Data under study —
==*==
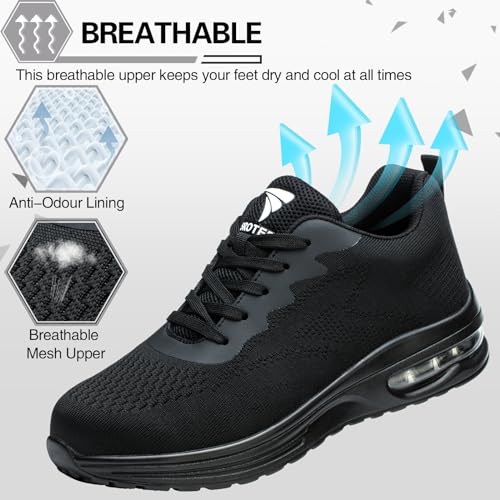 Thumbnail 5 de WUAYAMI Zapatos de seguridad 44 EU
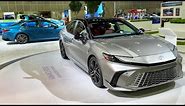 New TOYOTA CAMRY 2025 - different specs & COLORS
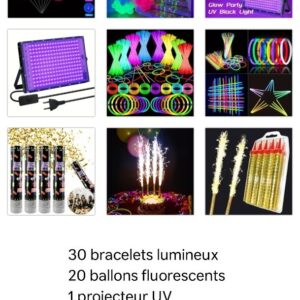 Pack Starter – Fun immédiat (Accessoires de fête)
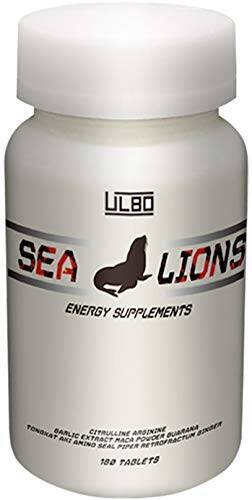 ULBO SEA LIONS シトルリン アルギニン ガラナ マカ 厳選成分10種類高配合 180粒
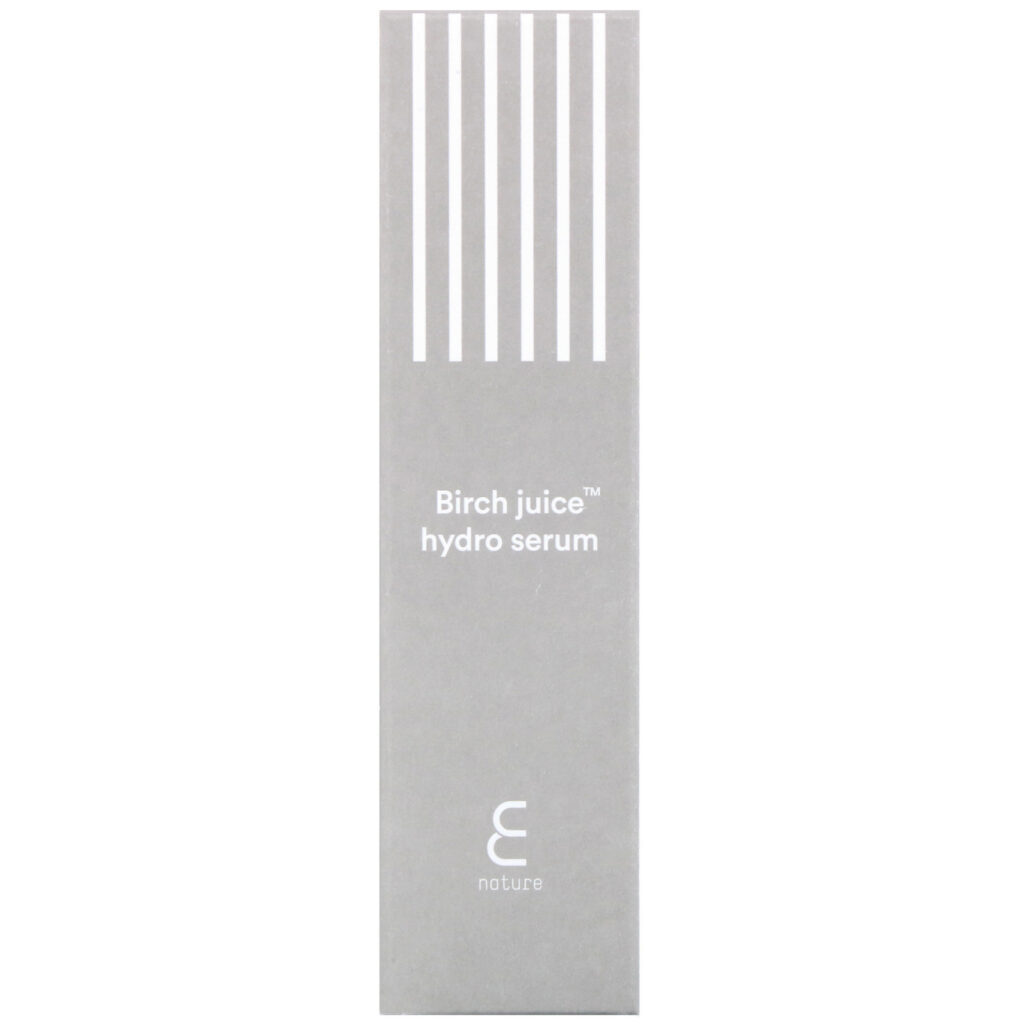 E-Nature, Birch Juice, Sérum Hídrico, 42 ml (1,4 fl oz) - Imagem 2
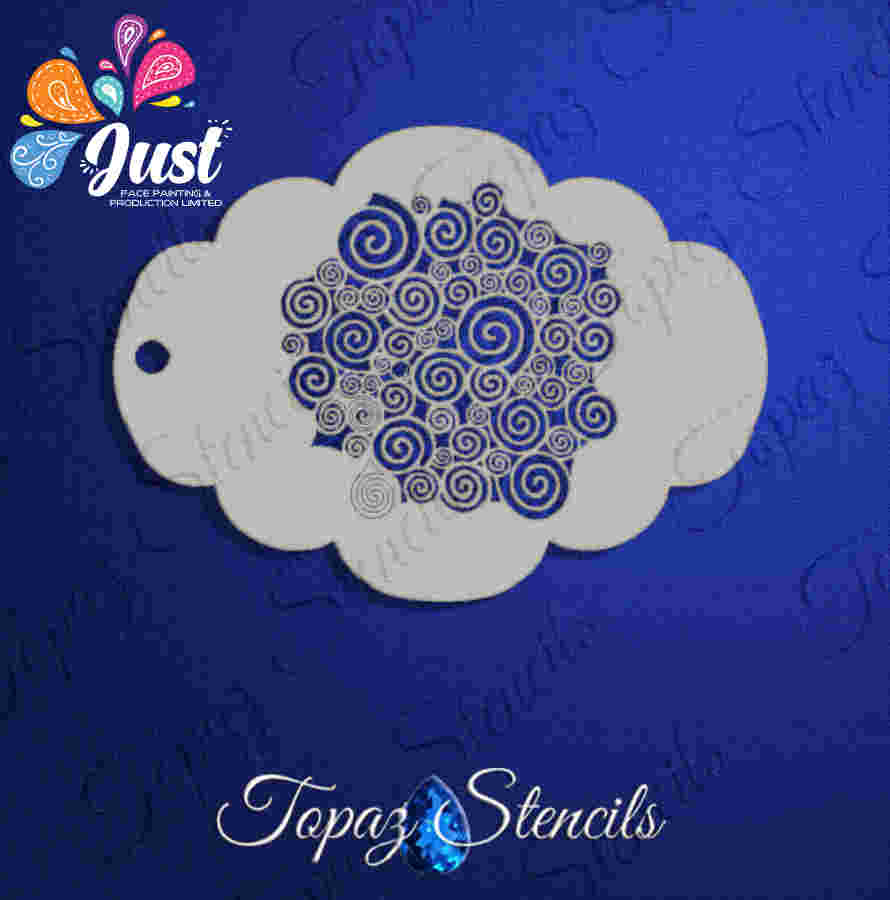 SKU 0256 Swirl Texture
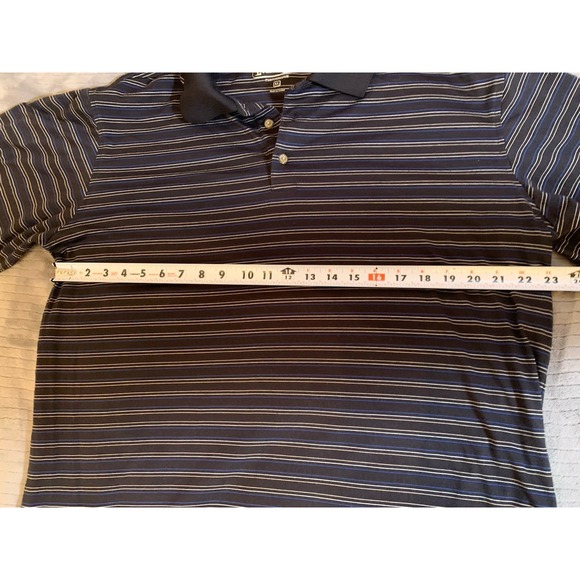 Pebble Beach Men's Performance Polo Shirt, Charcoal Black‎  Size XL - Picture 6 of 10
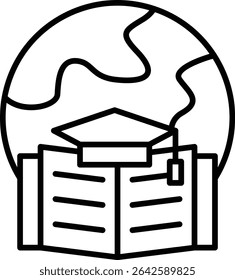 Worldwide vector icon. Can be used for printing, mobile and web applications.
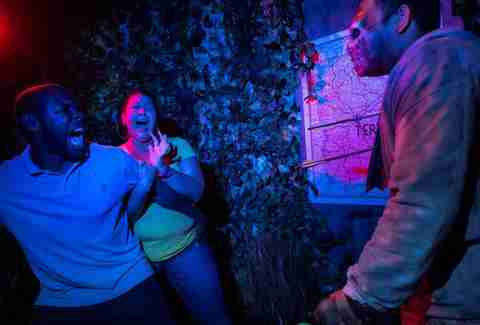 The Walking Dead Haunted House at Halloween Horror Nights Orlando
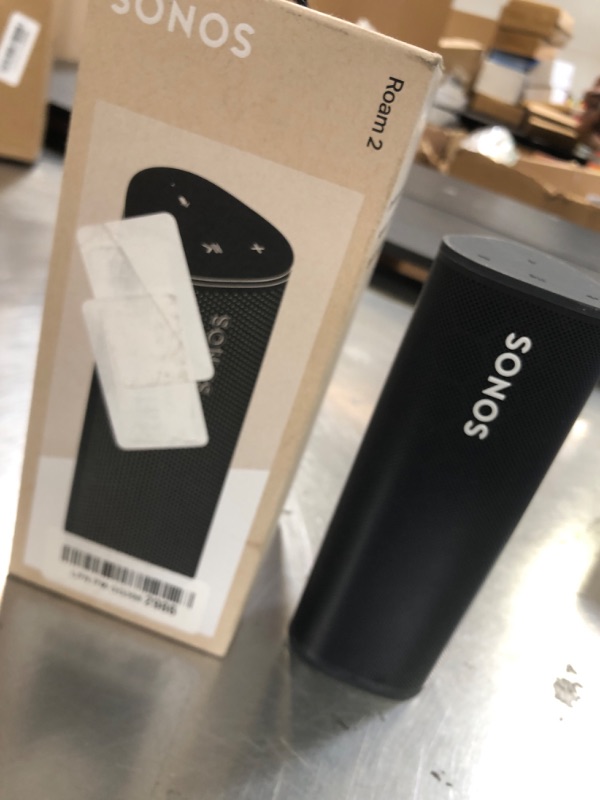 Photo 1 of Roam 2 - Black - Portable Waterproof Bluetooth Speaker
==*==
What to produce — Could you restate exactly the lines from the line containing "SKU 0256 Swirl Texture" through the end of the listing, both ends included and nothing else, leaving the images out?

Exercise result —
 SKU 0256 Swirl Texture
 Pebble Beach Men's Performance Polo Shirt, Charcoal Black‎  Size XL - Picture 6 of 10
 Worldwide vector icon. Can be used for printing, mobile and web applications.
 The Walking Dead Haunted House at Halloween Horror Nights Orlando
 Photo 1 of Roam 2 - Black - Portable Waterproof Bluetooth Speaker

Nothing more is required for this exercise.